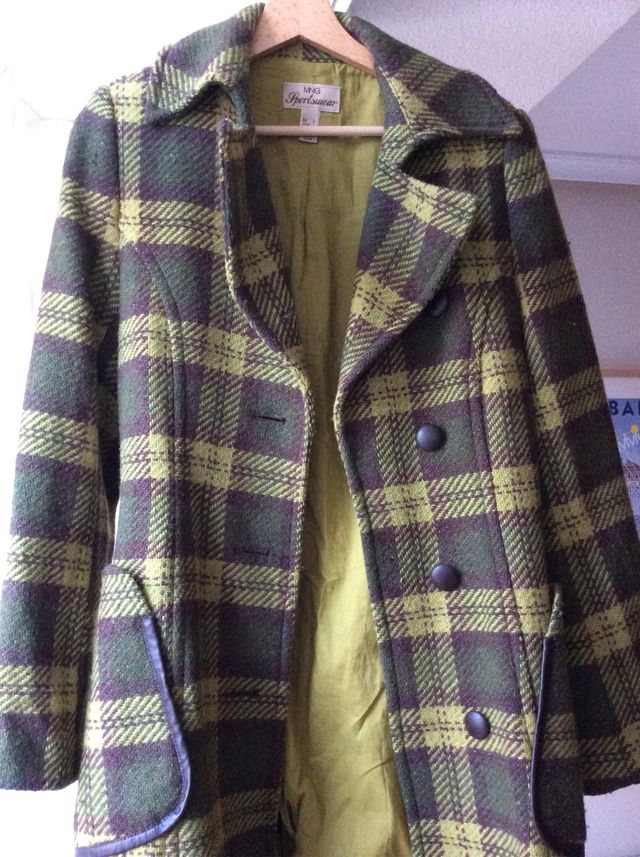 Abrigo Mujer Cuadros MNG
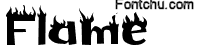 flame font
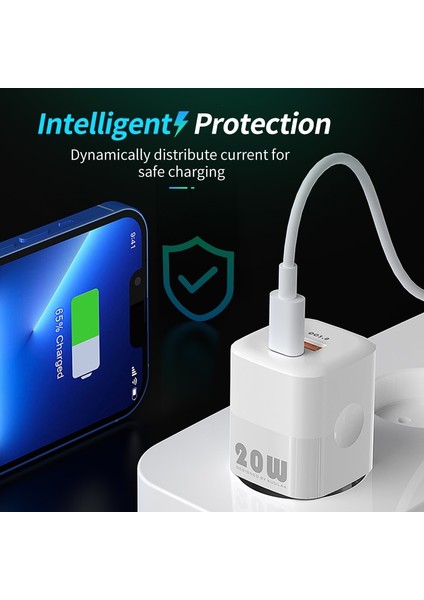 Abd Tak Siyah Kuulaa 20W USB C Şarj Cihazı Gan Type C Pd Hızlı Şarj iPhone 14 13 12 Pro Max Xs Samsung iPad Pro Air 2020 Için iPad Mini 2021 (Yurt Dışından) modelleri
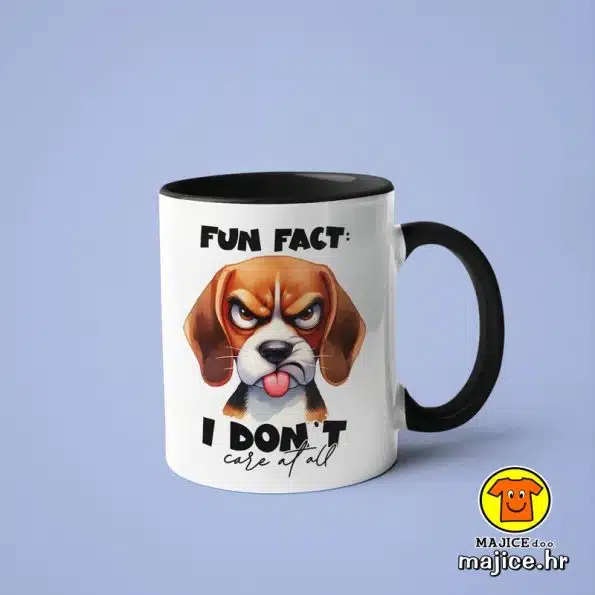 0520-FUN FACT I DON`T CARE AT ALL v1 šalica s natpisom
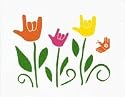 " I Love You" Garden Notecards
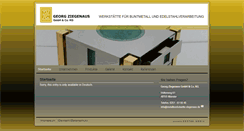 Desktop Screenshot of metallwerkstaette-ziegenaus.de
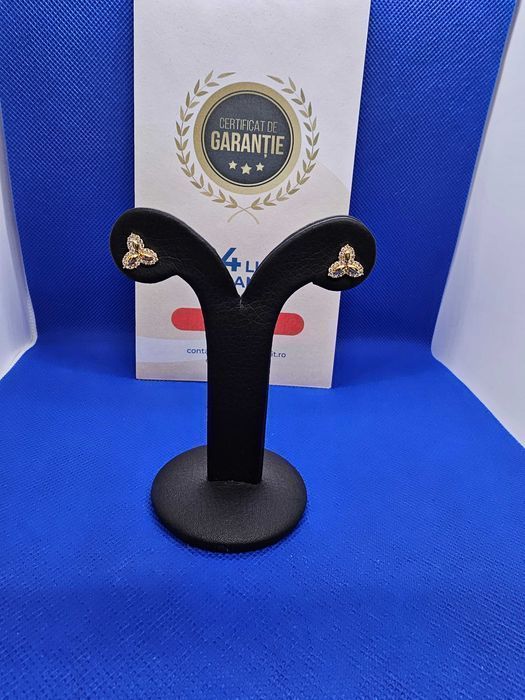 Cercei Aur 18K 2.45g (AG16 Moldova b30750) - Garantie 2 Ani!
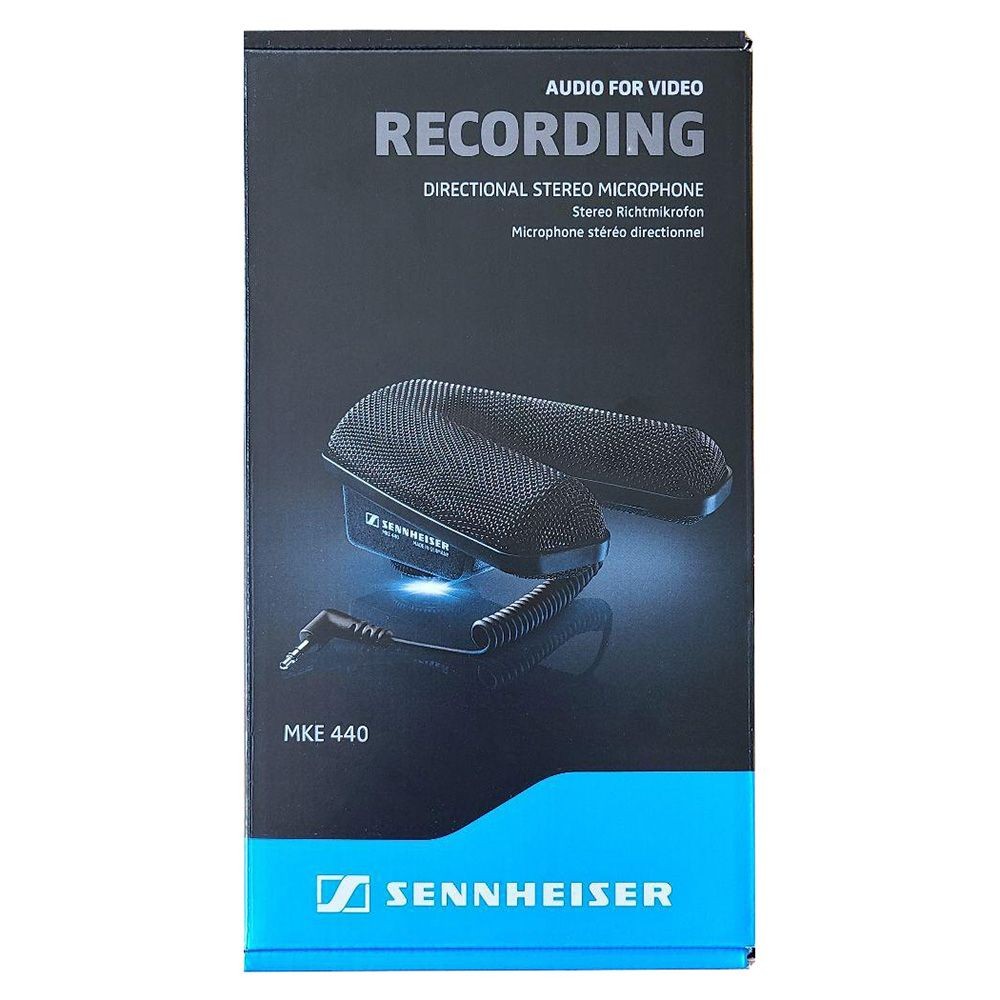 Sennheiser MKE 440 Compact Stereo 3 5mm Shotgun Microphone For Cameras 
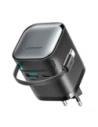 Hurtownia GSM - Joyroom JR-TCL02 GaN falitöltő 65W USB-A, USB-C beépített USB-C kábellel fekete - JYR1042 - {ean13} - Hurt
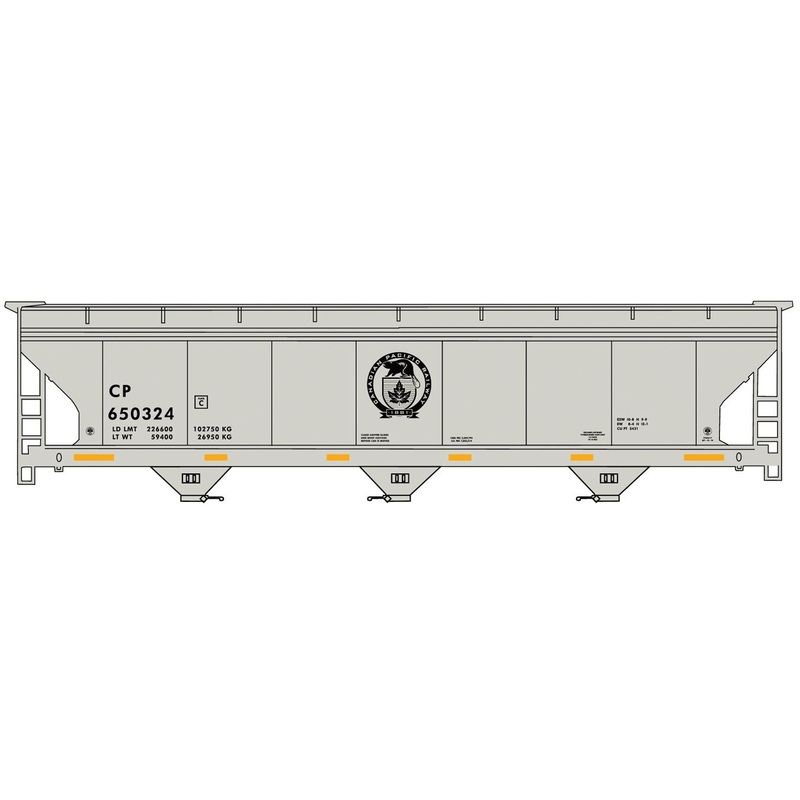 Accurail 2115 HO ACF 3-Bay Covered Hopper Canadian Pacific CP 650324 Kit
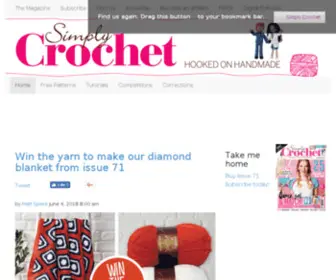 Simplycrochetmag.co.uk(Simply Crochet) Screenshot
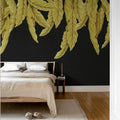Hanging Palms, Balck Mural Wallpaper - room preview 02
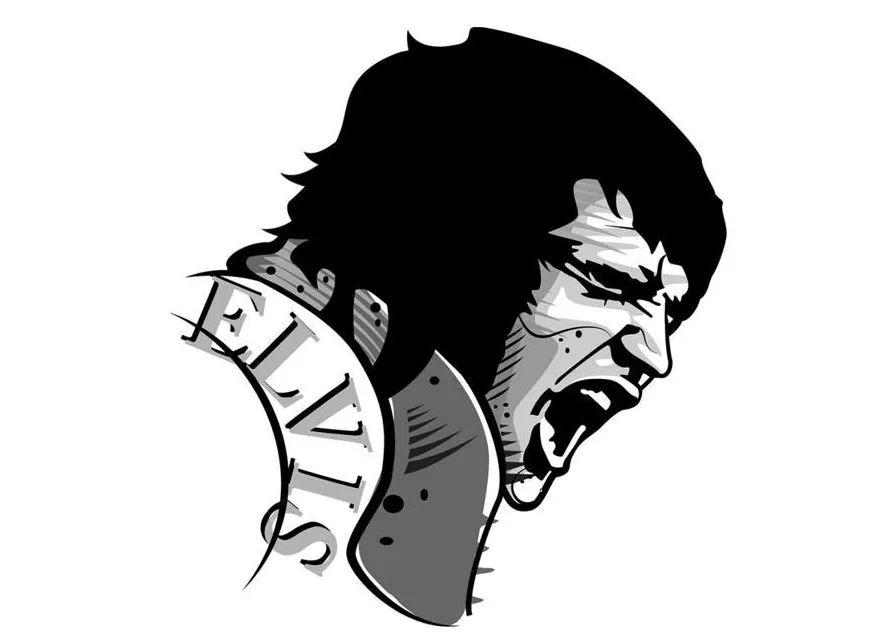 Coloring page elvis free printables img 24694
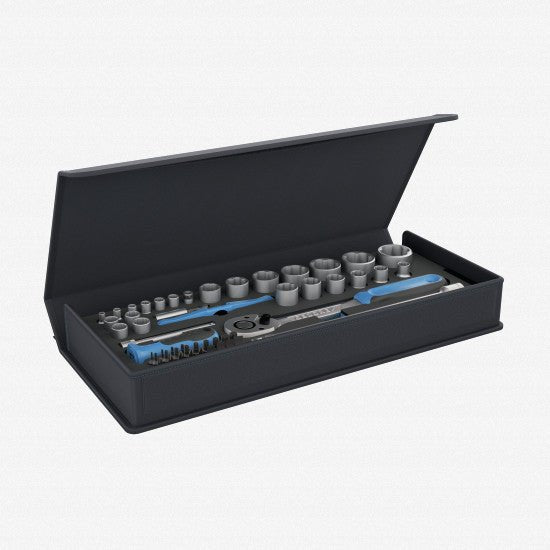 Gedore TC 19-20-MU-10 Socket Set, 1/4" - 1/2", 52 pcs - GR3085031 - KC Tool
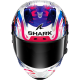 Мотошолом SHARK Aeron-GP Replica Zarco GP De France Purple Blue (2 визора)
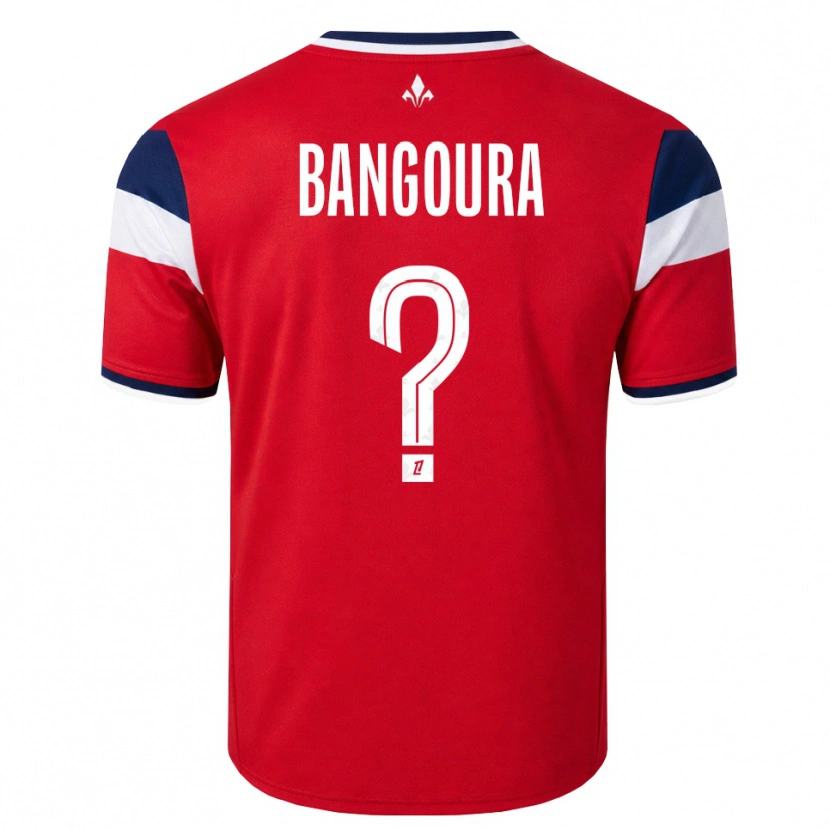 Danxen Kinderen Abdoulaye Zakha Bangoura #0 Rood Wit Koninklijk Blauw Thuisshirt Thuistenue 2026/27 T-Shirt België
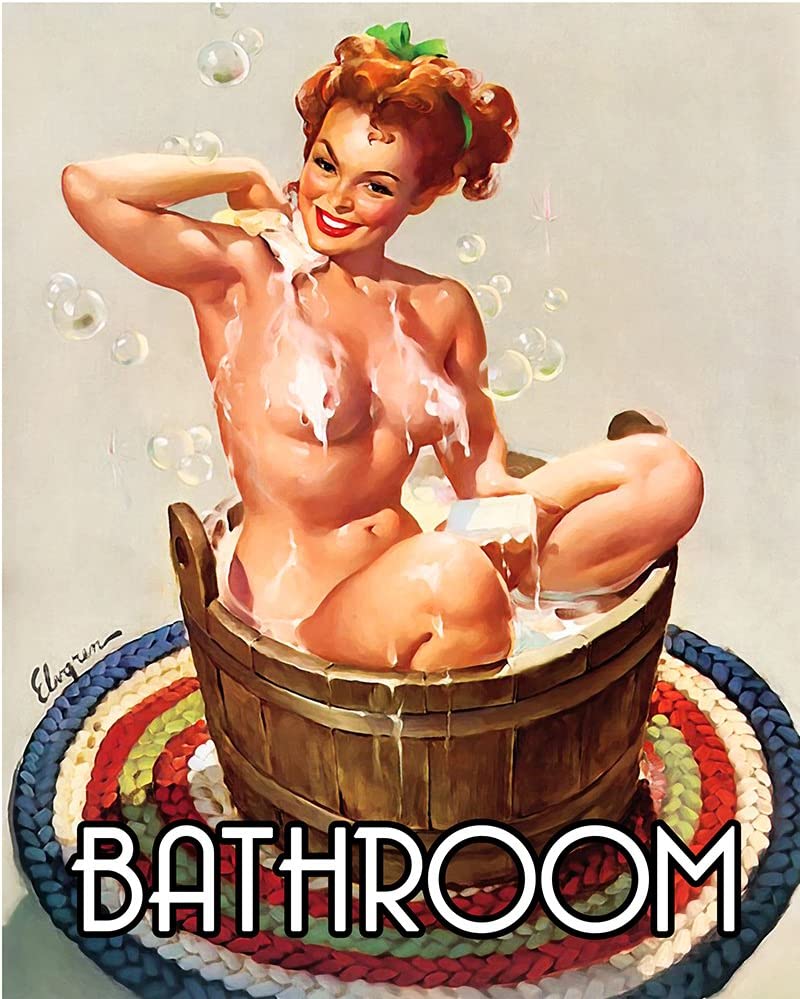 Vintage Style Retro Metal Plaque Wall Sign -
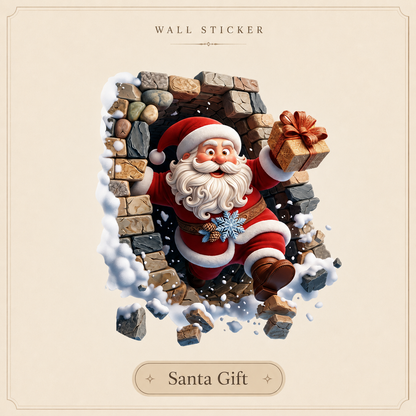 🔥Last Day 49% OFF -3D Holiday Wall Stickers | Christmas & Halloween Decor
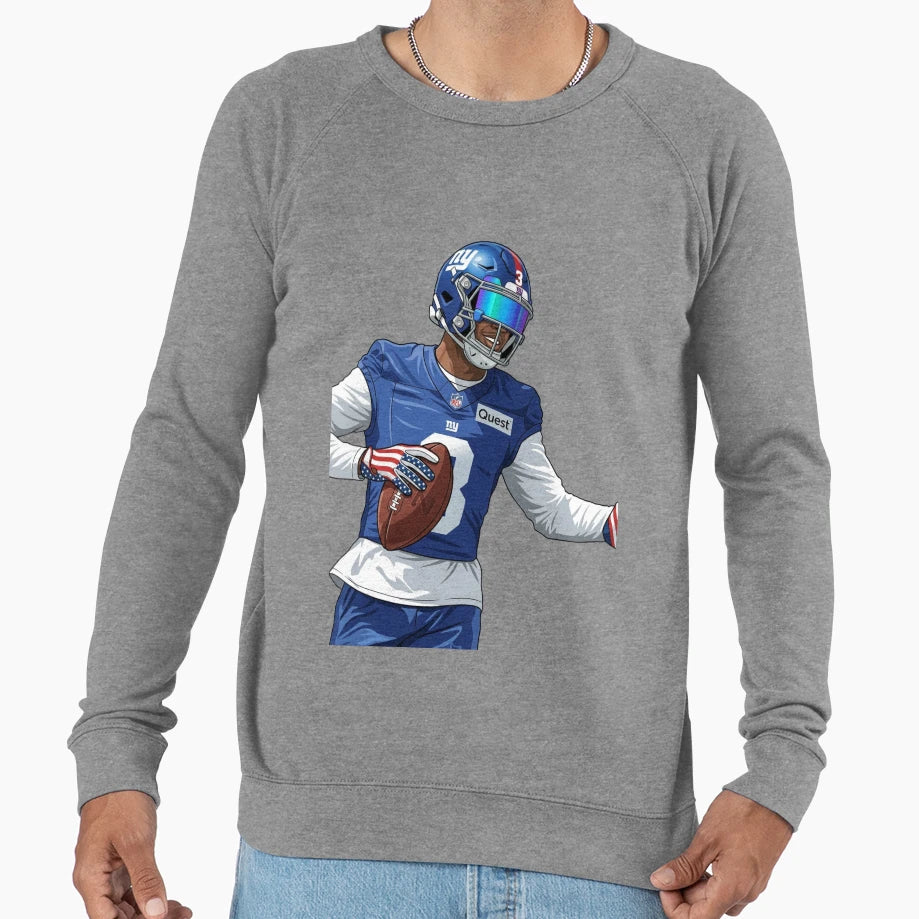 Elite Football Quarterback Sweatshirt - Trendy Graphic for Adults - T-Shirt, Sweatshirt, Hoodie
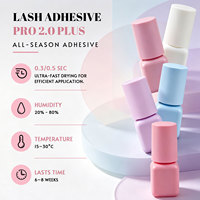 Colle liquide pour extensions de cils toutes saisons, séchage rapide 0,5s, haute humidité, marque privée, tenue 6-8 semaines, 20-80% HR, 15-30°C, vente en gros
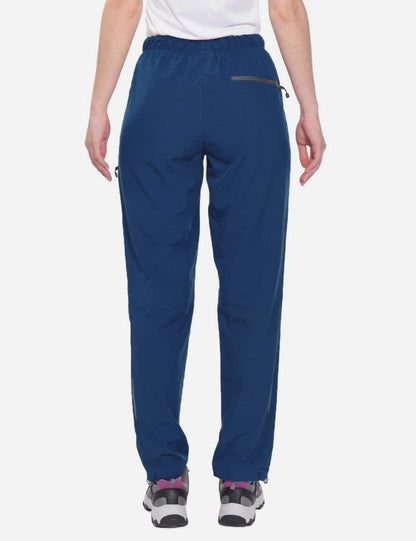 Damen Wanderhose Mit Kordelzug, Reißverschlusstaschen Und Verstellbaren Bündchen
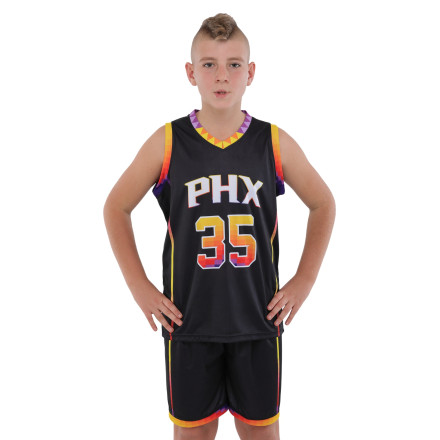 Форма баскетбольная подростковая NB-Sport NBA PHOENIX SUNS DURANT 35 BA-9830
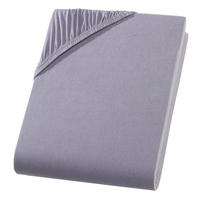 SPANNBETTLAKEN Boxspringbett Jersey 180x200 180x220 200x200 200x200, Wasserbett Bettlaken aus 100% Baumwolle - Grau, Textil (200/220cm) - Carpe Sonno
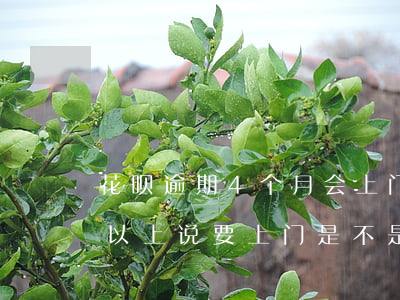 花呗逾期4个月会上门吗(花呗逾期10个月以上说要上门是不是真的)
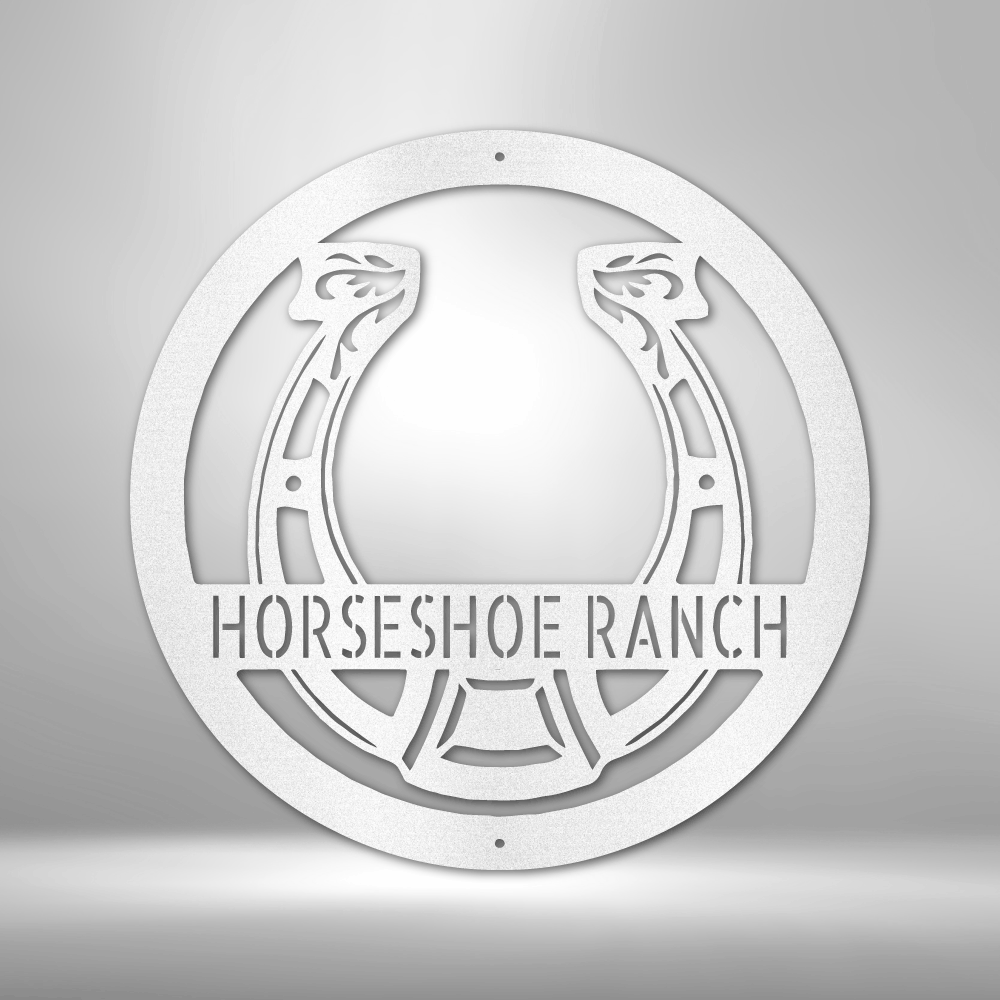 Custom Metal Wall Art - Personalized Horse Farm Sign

What the task requires: Give again the stretch of the entries above that begins at the line with "Hurtownia GSM - Joyroom" and ends at the line with "Мотошолом SHARK Aeron-GP", word for word, with no pictures.

Solution to this task:
 Hurtownia GSM - Joyroom JR-TCL02 GaN falitöltő 65W USB-A, USB-C beépített USB-C kábellel fekete - JYR1042 - {ean13} - Hurt
 Accurail 2115 HO ACF 3-Bay Covered Hopper Canadian Pacific CP 650324 Kit
 Simplycrochetmag.co.uk(Simply Crochet) Screenshot
Hanging Palms, Balck Mural Wallpaper - room preview 02
 Coloring page elvis free printables img 24694
 Gedore TC 19-20-MU-10 Socket Set, 1/4" - 1/2", 52 pcs - GR3085031 - KC Tool
 Мотошолом SHARK Aeron-GP Replica Zarco GP De France Purple Blue (2 визора)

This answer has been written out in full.